Biri beni öldürsün…
Epeydir gençlerin sıra sıra öldüğü, çığlıkların birbirine karıştığı, kanlı canlı bir slasher sinema izlememiştim… desem de inanmayın; doğal ki Terrifier 3 izlemiştim yılın başlarında. Fakat bir o sinemaya bakıyorum bir Until Dawn’a bakıyorum. Birisi tıbbın sonlarını yine tanımlarken, oburunun vitesi tam geri atarak yokuş aşağı gittiğini görüyorum.

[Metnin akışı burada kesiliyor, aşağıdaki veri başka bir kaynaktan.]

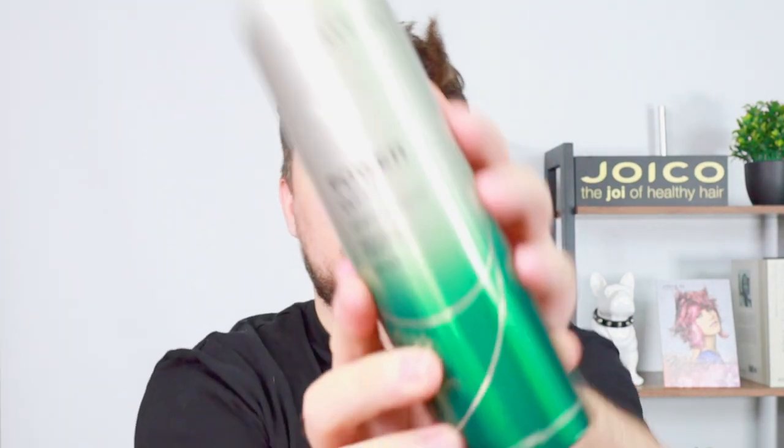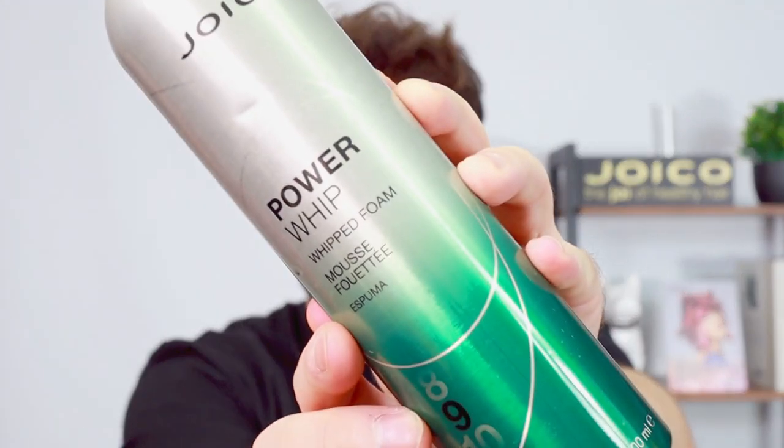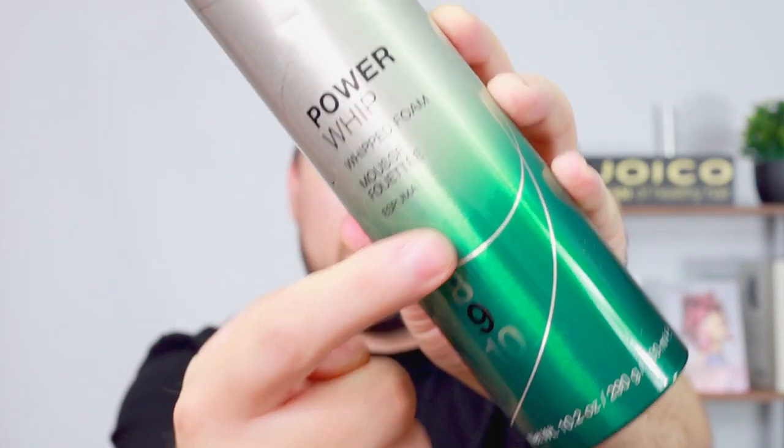Power Whip is a whipped foam with a hold factor of nine — stronger than the Design Foam. It provides body and fullness with firm yet flexible hold. Shake well, hold can upside down, and dispense into hand. The new packaging with its ombre design is just great.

Until Dawn Playstation Stüdyoları’nın Gran Turismo’dan sonraki ikinci sinema uyarlaması ve o kötü olmayan üretimin bilakis ne kendi başına düzgün bir sinema olabiliyor ne de oyunun dünyasını hakkıyla yansıtabiliyor. Yönettiği dehşet sinemalarının ortasına her nasılsa iki tane Shazam!’ı sığdıran direktör Sanberg’i en uygun Anabelle: Creation’dan hatırlayabilirsiniz. Kendisi burada tüm güzel niyetli gayretlerine karşın Until Dawn dünyasının “anasını bellemiş” tabiri caizse. Oyundaki “kelebek etkisi” mekaniği yerini daima tekrar eden gecelere bırakmış ve işin içindeki açıklanmayan doğaüstü durumlar arttırılmış. Bu alışılmış ki meskene sıkışıp kalan 5 genci yaratıcı yollarla tekrar tekrar öldürebilmek için uydurulmuş bir mazeret yalnızca. Gençler de zati bir mühlet sonra olayı normalleştirip ölmeye alışıyorlar. Oyunda bulaşıcı bir durum olan Wendigo’luk burada geceler uzadıkça yaratıklara dönüşmeye evrilmiş. Yani ne desem bilemedim, oyundan ilham alan orjinal bir hikayeyi anlatmaları hoşuma gitmiş olsa da bu hikayenin daha evvelden “Ya bu pek olmadı” minvalinde rafa kaldırılmış bir senaryo olduğunu bilmek de insanı pek izlemeye sevk etmiyor doğrusu.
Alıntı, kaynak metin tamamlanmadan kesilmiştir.